За исключением Билинского, ни один мужчина не бывал у четы Морони; перестали являться с визитами и дамы. Ох, уж эти злые мегеры! Даже крысам есть чему у них поучиться. Эржике, естественно, была несчастна, хотя виду не подавала. В конце концов удовольствие в высшей степени сомнительное — проводить время в обществе дряхлого кавалера, который Эржике величает сестрицей, изредка играет в марьяж, а в дурном расположении духа не скупится на язвительные намеки по праву родственника, и в обществе собственного супруга, хотя и кроткого, как ягненок, но от этого еще более скучного.
Пока не наступила осень, она мужественно несла свой крест, благопристойно сохраняя видимость внешнего мира; некоторое разнообразие внесли в их жизнь три недели, проведенные в айначкейских купальнях, но вот наступили длинные осенние вечера, и между супругами начались довольно частые схватки.
— Ты обращаешься со мной, как с пленницей… Ты стережешь меня, как турки гаремных невольниц, — с горечью вырывалось иной раз у Эржике.
— Надо было вести себя приличней.
От этих слов Эржике буквально вскипала от гнева:
— Побойся бога, злодей! И ты смеешь говорить, будто я веду себя неприлично?
— Ну что ты, детка! Ведь я храню твою честь как зеницу ока вон там, в столе.

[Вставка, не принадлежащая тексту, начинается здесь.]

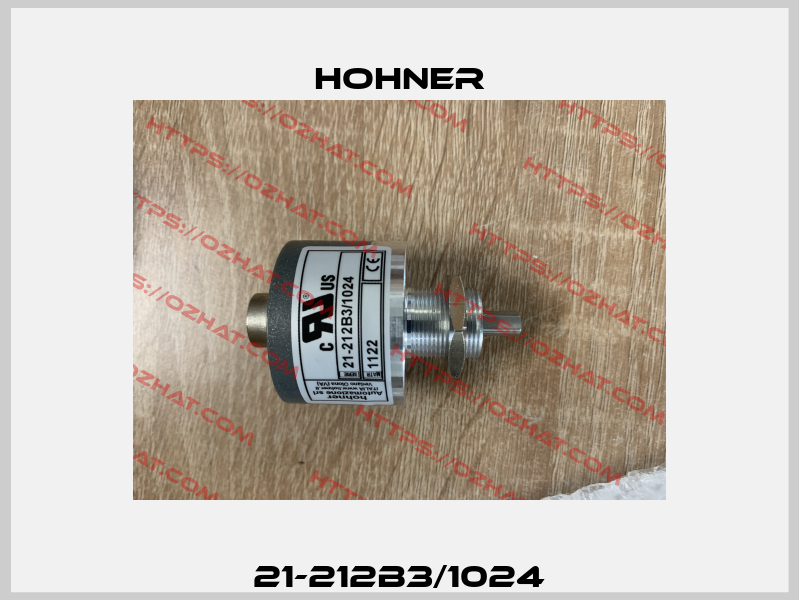 21-212b3/1024 Hohner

Морони и в самом деле сделался грубоват. (Просто диву даешься, как тускнеет с течением времени нежность медового месяца!) Он часто попрекал ее выходкой распорядителей пикника, и ревность, это зеленоглазое чудовище, как ее тривиально называют, тоже нет-нет да и скалила зубы.
Пишту Морони, однако, не столько заботили ворчание и унылое позевывание прелестной Эржике, сколько неизбывная скорбь Пишты Тоота.
— С этим Пиштой что-то неладно.
И правда, с бедным Пиштой творилось неладное. Он сделался странно меланхоличен и ко всему безучастен. Невеселый, рассеянный, бродил он среди людей, как глухой тетерев во ржи. Новости, развлечения, женщины, всякие прочие наслаждения утратили для него былую притягательность. Он мог целую неделю не бриться и с заросшим щетиной лицом, небрежно одетый, унылой тенью слонялся по улицам. Господи, а ведь какой кавалер был еще недавно! Если же он не слонялся по улицам, поникнув головой, то сидел в кабаке, подавленный, печальный, заказывая цыганам песни — одну другой заунывней, — что раздувают тоску, как дрожжи пампушку. — Нет, не нравится мне этот Пишта!